Cet éclairage nous amène à considérer l'organisation comme un lieu dans lequel il s'agit de traquer les "free rider" (passager clandestin) ou les "tire-au-flanc" et de brandir le bâton et la carotte. Même si ces théories nous aident à prendre conscience du rôle du contrôle et des contrats dans l'efficience de l'organisation, sur différents points elles restent inappropriées, surtout pour le secteur du conseil. L'entreprise est notamment réduite à un schéma d'incitations : le système d'incitation contenu dans un contrat suffit à éviter les comportements opportunistes ex post 219. D'une manière générale, ‘"Ce sont des théories des incitations qui postulent qu'il est possible de concevoir des systèmes d'incitations suffisants pour garantir sur longue période et malgré l'incertitude la pérennité d'un comportement optimal de toutes les parties"’ (E. BROUSSEAU 1989, p. 149).

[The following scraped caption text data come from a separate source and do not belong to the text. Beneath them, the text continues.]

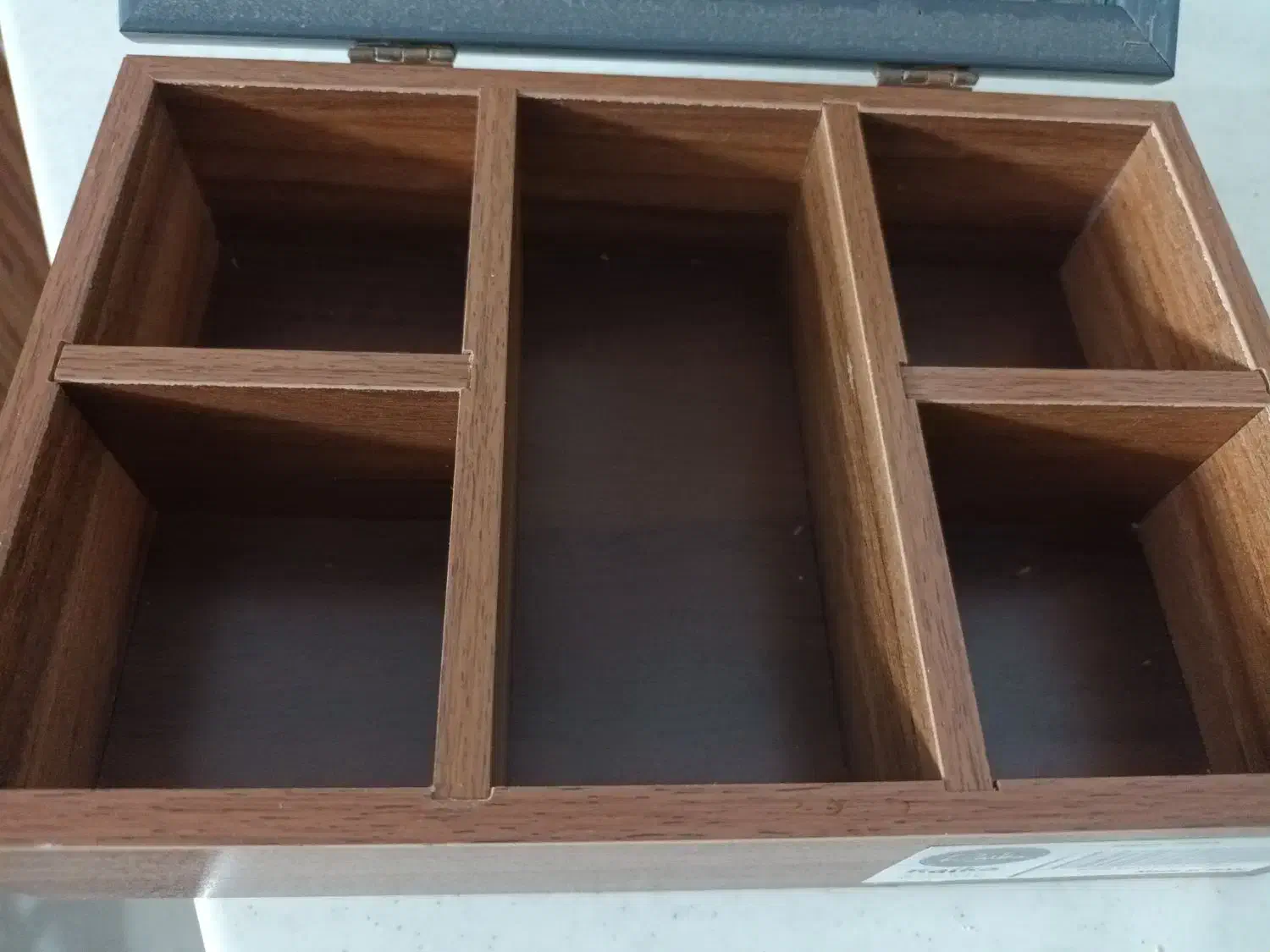 اردو کاراصفهان تی بگ چوبی شکلات خوری شکلات خوری|صنایع دستی و سایر لوازم تزئینی|مشهد, رستگار|دیوار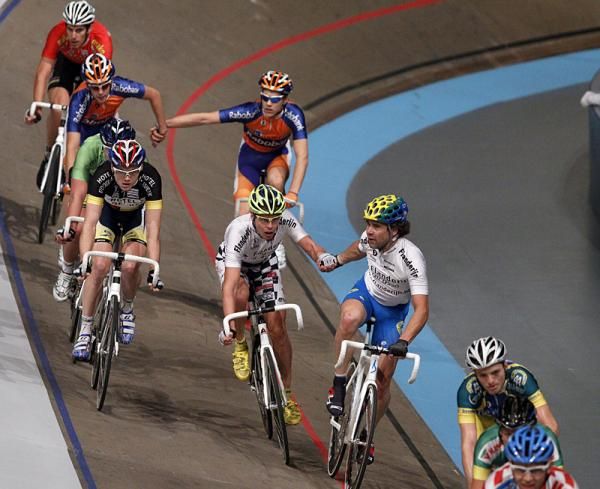 Leon Van Bon throws Leif Lampater into the mix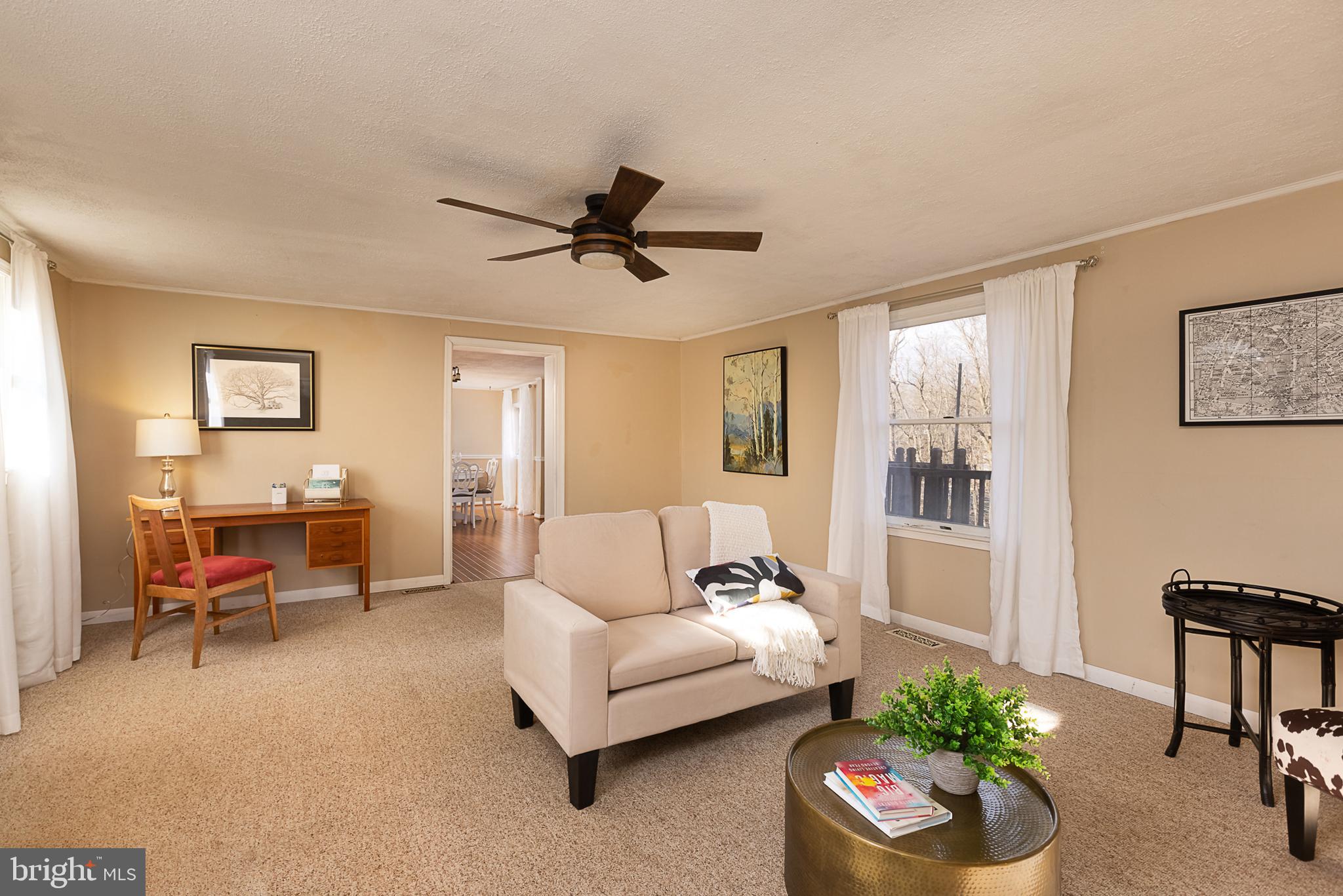 2746 Cedarhurst Road Finksburg, MD 21048 - Photo 15 of 30 Living Room (alt view)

Les théories se placent dans une logique d'allocation des ressources. Pour produire, il faudra réunir des quantités déterminées d'inputs et mettre en place un système pour se prévenir des comportements sous-optimaux des agents (qui sont tentés de fournir une quantité ou une qualité moindre d'efforts par rapport à ce qu'ils ont promis). Cependant, on ne se préoccupe pas de la manière dont les agents produisent, c'est-à-dire qu'on néglige le problème de l'organisation du travail et de l'organisation de la production. De même, dans ce cadre d'allocation des ressources, on suppose que les savoir-faire et les qualifications spécifiques nécessaires à la production préexistent. Dans cette situation où les compétences sont déjà constituées, le problème de l'apparition et de la création des ressources est exogénéisé. Ce point de vue nous semble erroné dans la mesure où coordonner signifie d'une part, rechercher des ressources nécessaires à la production, mais d'autre part, créer du savoir utile à l'intégration de ces ressources non immédiatement productives. Cette dimension est totalement occultée dans la théorie des contrats. Dans ces conditions, il nous semble plutôt que ‘"(...) les contrats ne sont plus seulement destinés à accéder aux ressources (et à en partager les fruits), ils ont aussi pour vocation d'en assurer le meilleur usage."’ (E. BROUSSEAU 1993, p. 17).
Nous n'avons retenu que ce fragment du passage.